A role for mucolytic therapy in refractory status
asthmaticus has been suggested, with the use of the mucolytic
agent acetylcysteine.4 However, this is irritant and can
aggravate bronchospasm, making its use in a patient with
severe ventilatory difficulties questionable. Nebulized
rhDNase has also been proposed as a mucolytic in nonintubated asthmatic patients with lobar atelectasis.7 Direct
administration of rhDNase by bronchoscopy into regions of
mucous plugging has been reported in intubated,
mechanically ventilated asthmatic patients.8 9 In both of these
cases lobar atelectasis cleared completely within hours of
administration.
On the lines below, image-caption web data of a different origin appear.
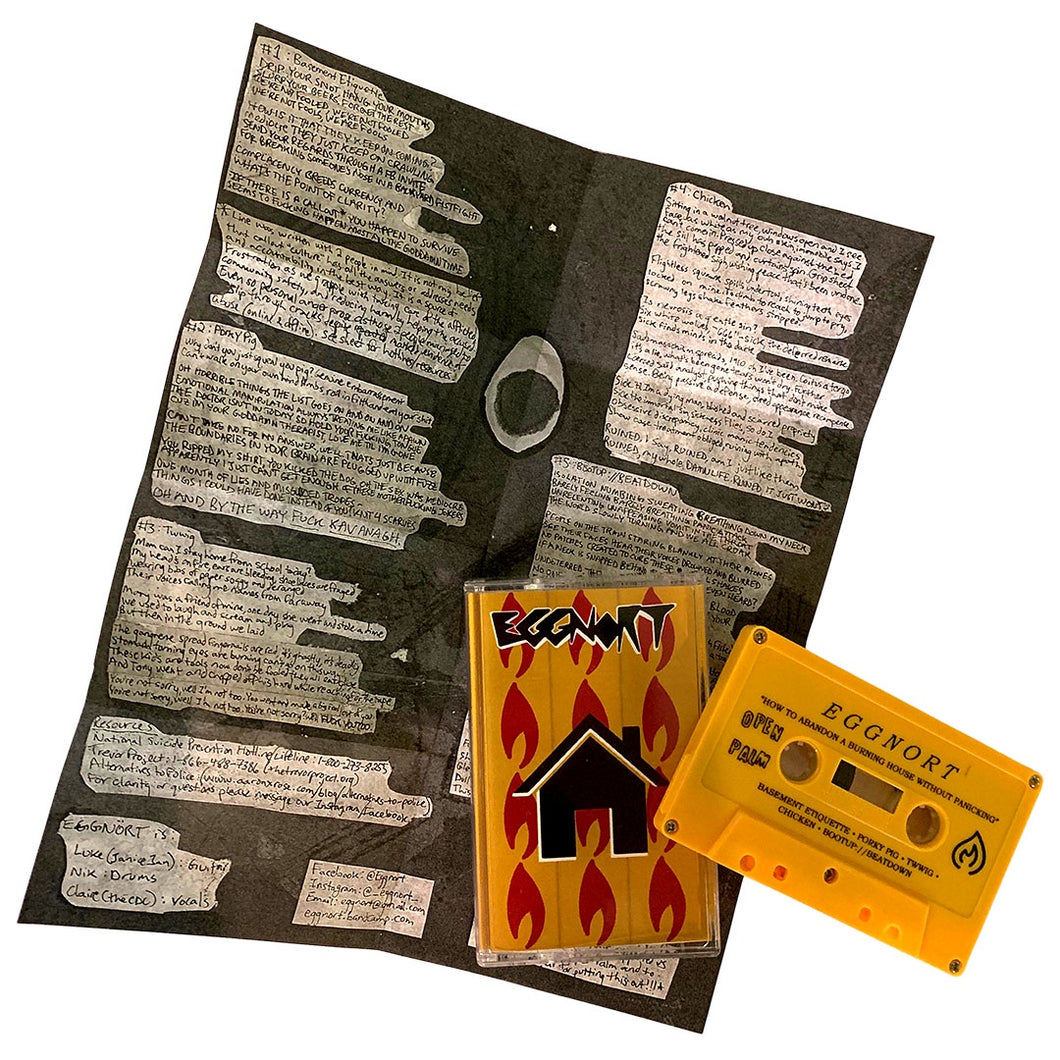 Eggnort: How To Abandon A Burning House Without Panicking cassette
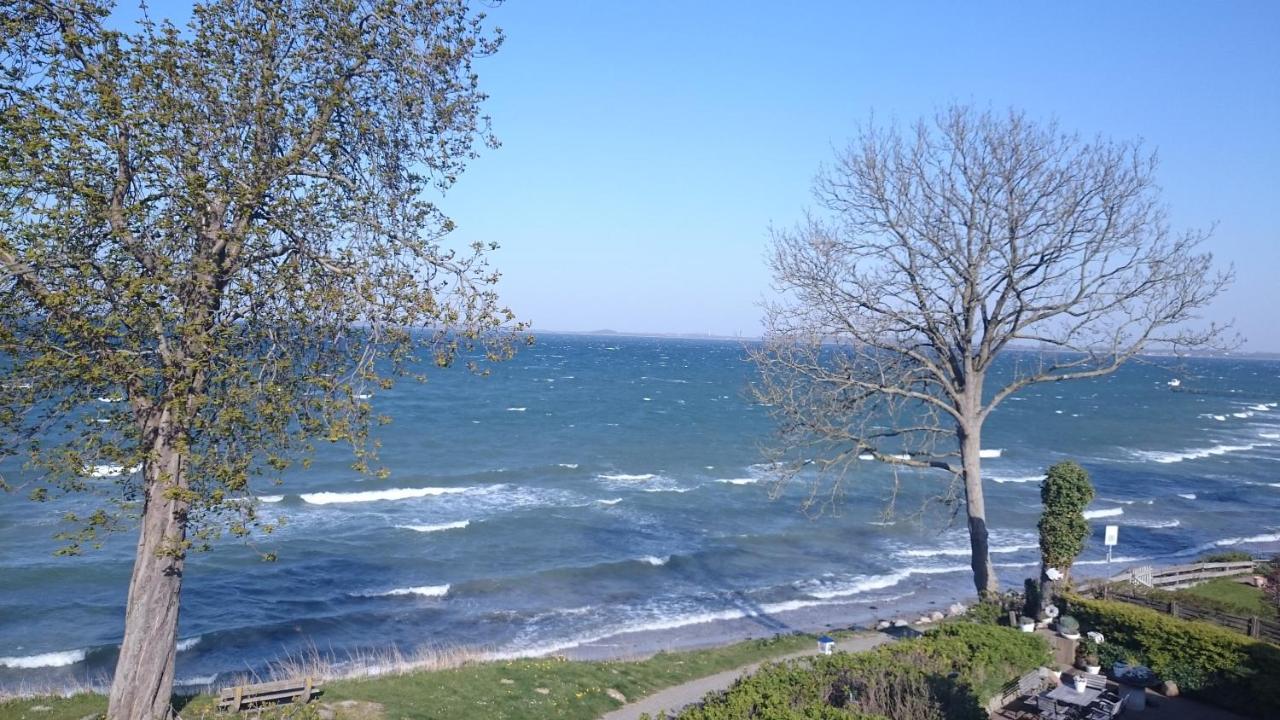 Strandappartement Steinberghaff "Farborg" Mit Meerblick 斯泰恩伯格 外观 照片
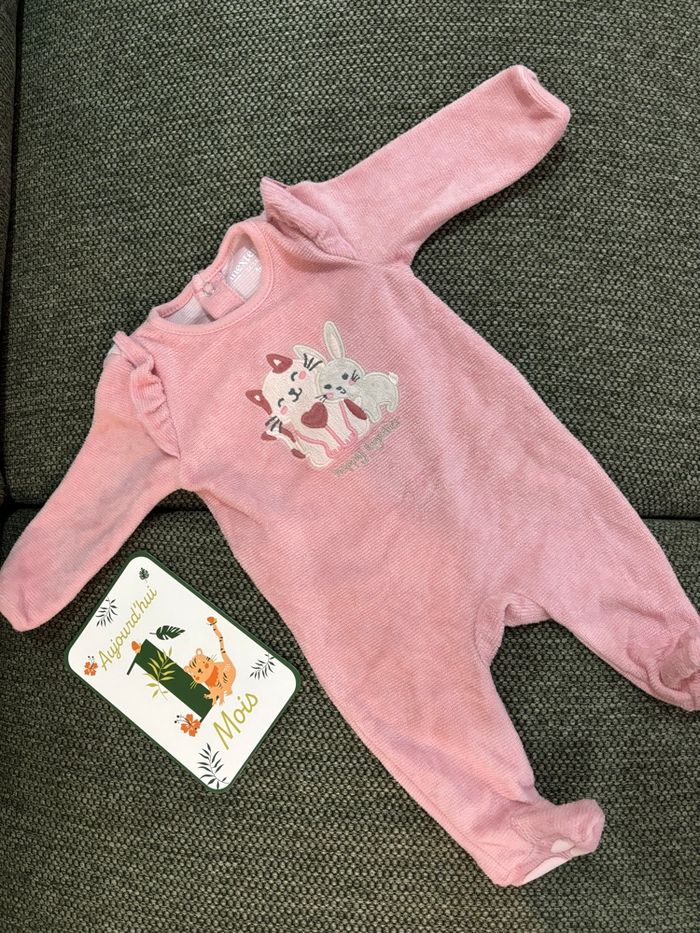 Pyjama 1 mois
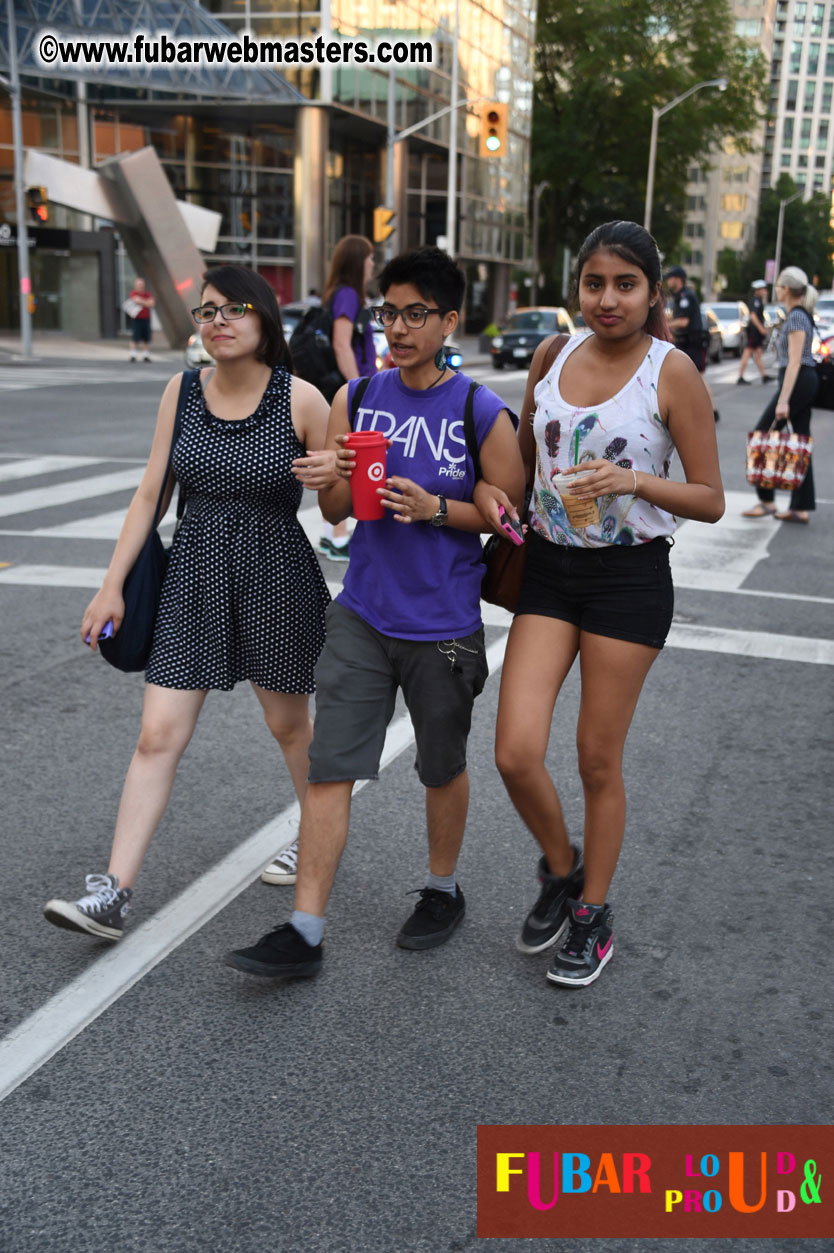 Annual Trans* Pride March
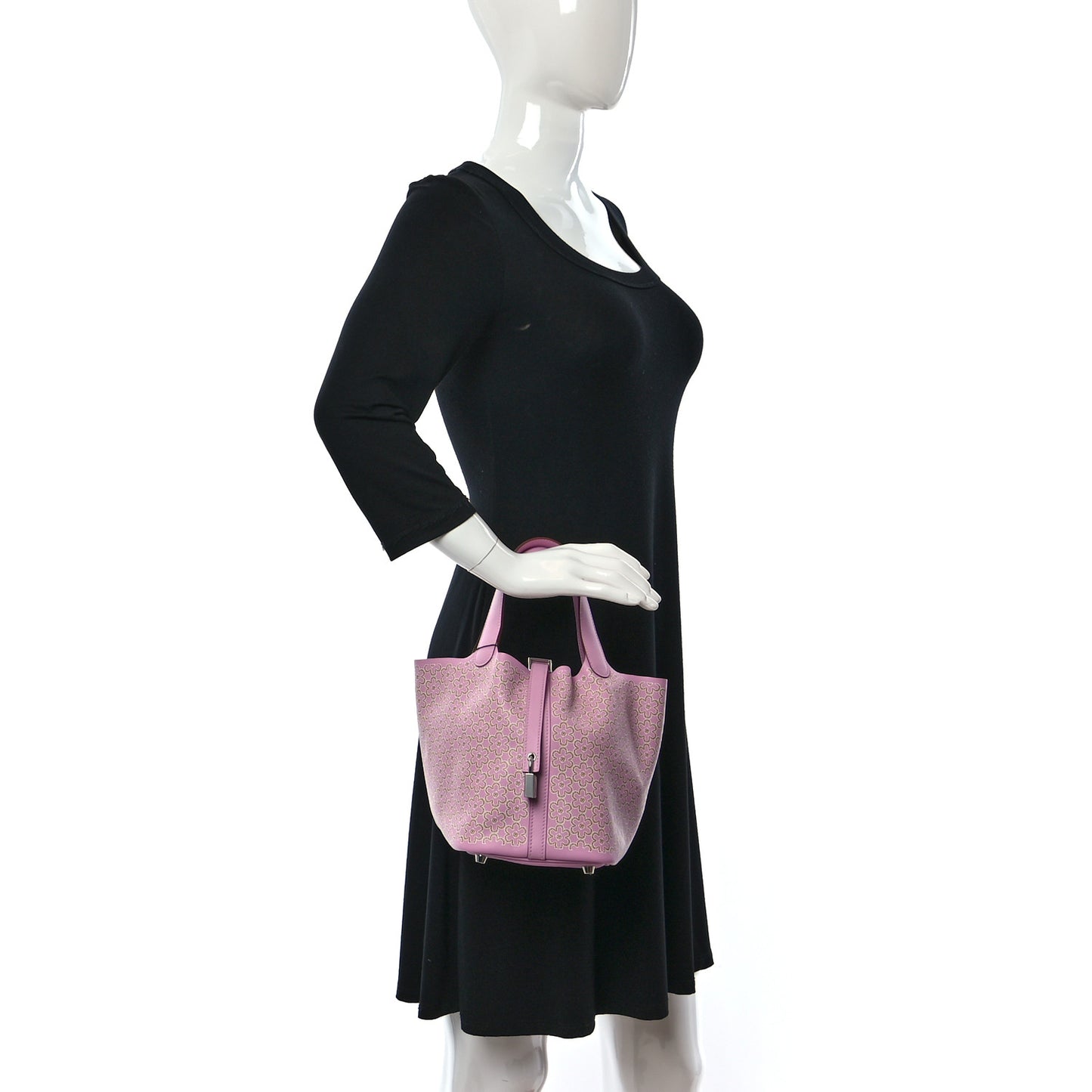 Swift Lucky Daisy Picotin Lock 18 PM Mauve Sylvestre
In the absence of clinical or radiological evidence of segmental atelectasis, bronchoscopy was not
attempted in our patient. Bronchoscopy can help in the management of refractory status asthmaticus with mucous plugging, although its efficacy in diffuse small airway mucous
plugging is unknown.4
In contrast to all previous reports,7–9 this case, to our knowledge, is the first to describe an improvement in airflow obstruction in the absence of lobar atelectasis. This may
be of importance in those asthmatic patients who
do not respond to conventional treatment because of
unrecognized diffuse small airway mucous plugging. The
proposed mechanism of action of rhDNase in acute asthma
is a reduction in the viscoelastic properties of mucous plugs,
by the hydrolysis of extracellular DNA derived from degenerating leucocytes and epithelial debris.9 Other factors that may
also be important include the alteration of mucous clearance
mechanisms by enhanced ciliary function and the mobilization of secretions.10 We found rhDNase to be well tolerated
and without side-effects, as have previous reports,7–9 although
dose-dependent mucosal airway damage with haemoptysis
due to increased airway protease activity may occur.1 11
Despite advances in the medical management of acute
asthma and improved ventilatory strategies, a small number
of patients still develop life-threatening airflow obstruction
refractory to therapy. In such patients the potential benefits
and apparent safety of rhDNase may be preferred to other
options, such as extracorporeal membrane oxygenation.
In summary, we describe dramatic reversal of airflow obstruction following the intratracheal administration
of rhDNase in a ventilated child with refractory status asthmaticus.